Fábio Seixas é jornalista com mestrado em Administração Esportiva e passagens por veículos como Folha de S.Paulo, SporTV e TV Globo. Cobriu mais de 170 GPs de F-1, esteve em duas temporadas da Indy e chegou a pilotar um Benetton em Paul Ricard. Voltou para os boxes rebocado.

Colunista do UOL

04/08/2021 11h36

A F-1 está de férias, os carros voltaram para suas bases, os pilotos devem sumir do mapa por alguns dias para relaxar e esfriar a cabeça. Compreensível e merecido.

Nas equipes, é um momento de balanço. E um número talvez incomode a Mercedes nesse período, uma estatística que certamente não passou despercebida e que merece reflexão.
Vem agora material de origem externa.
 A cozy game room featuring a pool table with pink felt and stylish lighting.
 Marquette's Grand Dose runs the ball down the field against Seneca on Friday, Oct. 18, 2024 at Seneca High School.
Depois de passar seis etapas atrás de Verstappen na tabela do Mundial, Hamilton recuperou a liderança na Hungria.

Tem hoje 195 pontos, oito a mais que o holandês. De quebra, a Mercedes também superou a Red Bull: 289 pontos a 285.

Em Budapeste, a equipe alemã comemorou muito o fato de poder passar as próximas quatro semanas na ponta dos dois campeonatos. Um alívio, sem dúvida, após enfrentar um período tão conturbado.

Mas o quanto essa tabela reflete a realidade entre os dois rivais pelo título em 2021? O quanto os GPs da Inglaterra e da Hungria mascaram a relação de forças entre as duas equipes?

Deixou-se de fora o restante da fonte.